Nolan Nicole, Mitchell Megan, Mboning Lajoyce, Bouchard Louis-S, Pellegrini Matteo
Department of Chemistry and Biochemistry, University of California Los Angeles, Los Angeles, CA, 90095, USA.
Department of Computational and Systems Biology, University of California Los Angeles, Los Angeles, CA, 90095, USA.
Geroscience. 2025 May 31. doi: 10.1007/s11357-025-01716-4.

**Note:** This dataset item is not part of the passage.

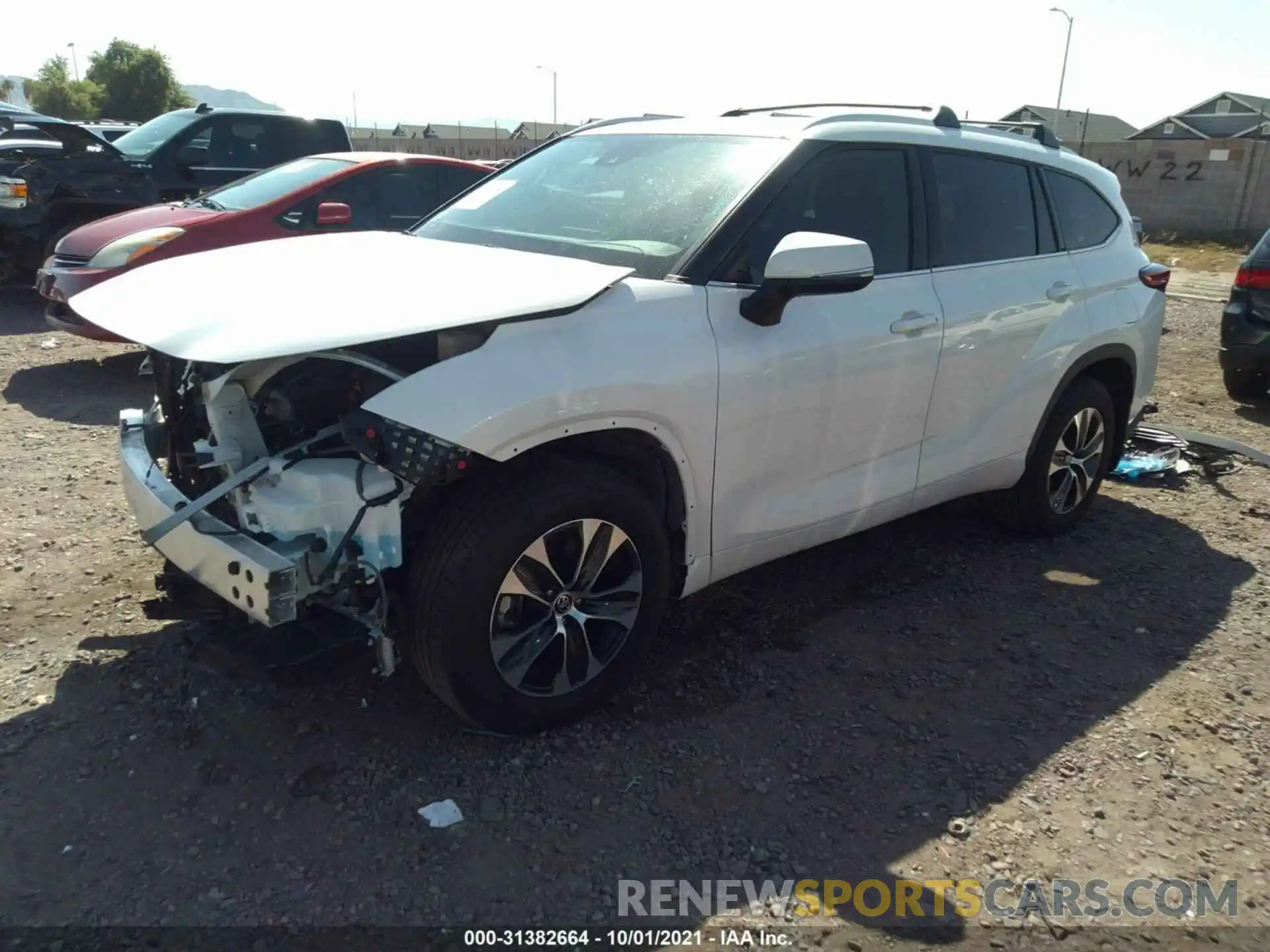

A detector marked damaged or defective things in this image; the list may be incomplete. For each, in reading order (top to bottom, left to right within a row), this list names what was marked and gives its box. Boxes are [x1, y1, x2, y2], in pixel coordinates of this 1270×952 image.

crumpled hood [69, 232, 635, 365]
missing front bumper [119, 409, 302, 627]
damaged white toyota highlander [67, 104, 1163, 736]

Certain epigenetic modifications, such as the methylation of CpG sites, can serve as biomarkers for chronological age. Previously, we introduced the BayesAge frameworks for accurate age prediction through the use of locally weighted scatterplot smoothing (LOWESS) to capture the nonlinear relationship between methylation or gene expression and age, and maximum likelihood estimation (MLE) for bulk bisulfite and RNA sequencing data. Here, we introduce MicroBayesAge, a maximum likelihood framework for age prediction using DNA microarray data that provides less biased age predictions compared to commonly used linear methods. Furthermore, MicroBayesAge enhances prediction accuracy relative to previous versions of BayesAge by subdividing input data into age-specific cohorts and employing a new two-stage process for training and testing. Additionally, we explored the performance of our model for sex-specific age prediction which revealed slight improvements in accuracy for male patients, while no changes were observed for female patients.
某些表观遗传修饰,如CpG位点的甲基化,可作为实际年龄的生物标志物。此前,我们引入了BayesAge框架,通过使用局部加权散点图平滑法(LOWESS)来捕捉甲基化或基因表达与年龄之间的非线性关系,并对全基因组亚硫酸氢盐测序和RNA测序数据进行最大似然估计(MLE),以实现准确的年龄预测。在此,我们介绍MicroBayesAge,这是一种使用DNA微阵列数据进行年龄预测的最大似然框架,与常用的线性方法相比,它能提供偏差更小的年龄预测。此外,MicroBayesAge通过将输入数据细分为特定年龄组,并采用新的两阶段训练和测试过程,相对于BayesAge的先前版本提高了预测准确性。此外,我们还探索了我们的模型在性别特异性年龄预测方面的性能,结果显示男性患者的预测准确性略有提高,而女性患者则没有变化。